The point is, Mike Wheeler the storyteller is unhappy with his ending, and that's why he's a storyteller. He'd rather write fiction than live his reality. He is the narrator of this story, and always has been. He has little to no interiority because he's not supposed to be a character in this story. He's just there. Will and Jane are the main characters.
The show always used recurring door imagery and metaphor, and we are told quite explicitly which doors Jane, Mike, and Will chose in the end. Jane chose the first (death), Mike chose the second (acceptance of fate), and Will chose the third (escape).

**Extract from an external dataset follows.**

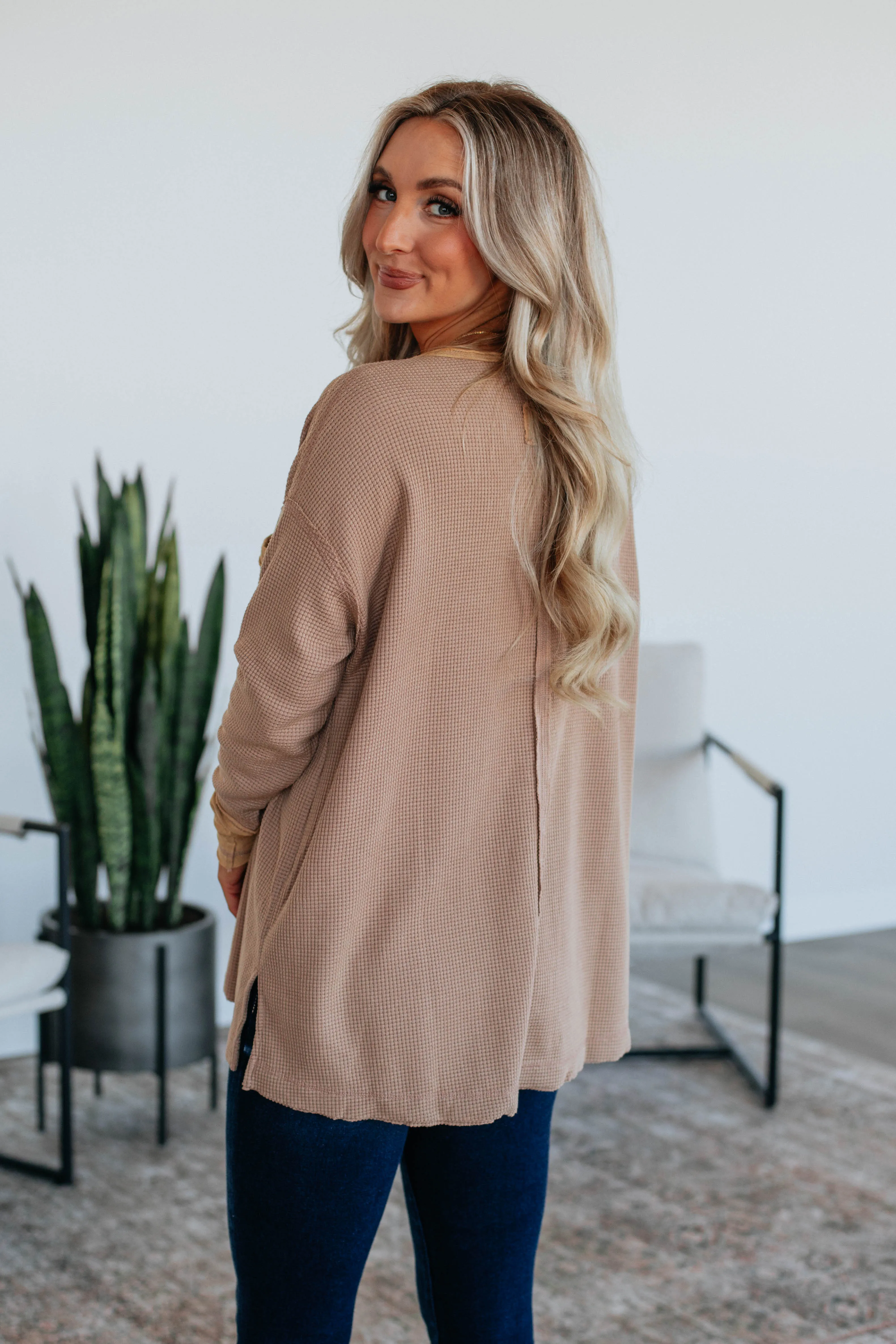 Julya Henley Top - Dusty Camel sold by Wild Oak Boutique product image thumbnail 5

Jane represents childhood magic apparently, and although I feel her character was done injustice, I can dig a character being tied to an allegorical concept. So really, that means Jane was an allegory in Mike's story. Perhaps representing childhood wonder, first loves, and innocence? Therefore her death signifies the loss of childhood, and even the death of love itself.

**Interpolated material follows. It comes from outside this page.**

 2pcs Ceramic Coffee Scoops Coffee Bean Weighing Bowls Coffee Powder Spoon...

Mike imagines an ending where She (magic, wonder, love) lives on. She's free but she's also isolated. On her own like that, it's not so different to being kept in Mike's basement or Hopper's cabin. Mike must associate something very shameful to these concepts, otherwise he wouldn't constantly hide her away in his story, despite loving her so much.
Still, he wants to believe in this alternative ending where Jane, who is love, and innocence, and magic, lives on in relative peace. He implies that simply believing it can make it true. Will believes too. They share a meaningful look before being interrupted by an opened door, and it's their last ever interaction on-screen.
No, there is no secret ending. There are many endings, and it's just that we've only been shown one of them. The bittersweet one. Mike killed magic, first love, and childhood wonder. Then he gave Will the good ending. Mike thinks the good ending is having Will no longer love him, and sending him far away from him.
Finally, he chose the second door. This means he didn't write the ending he wanted, but the ending he felt he deserved. He will never tell the true story of the mage. As in, he will never clarify what Jane actually represented, and what her death truly meant to him.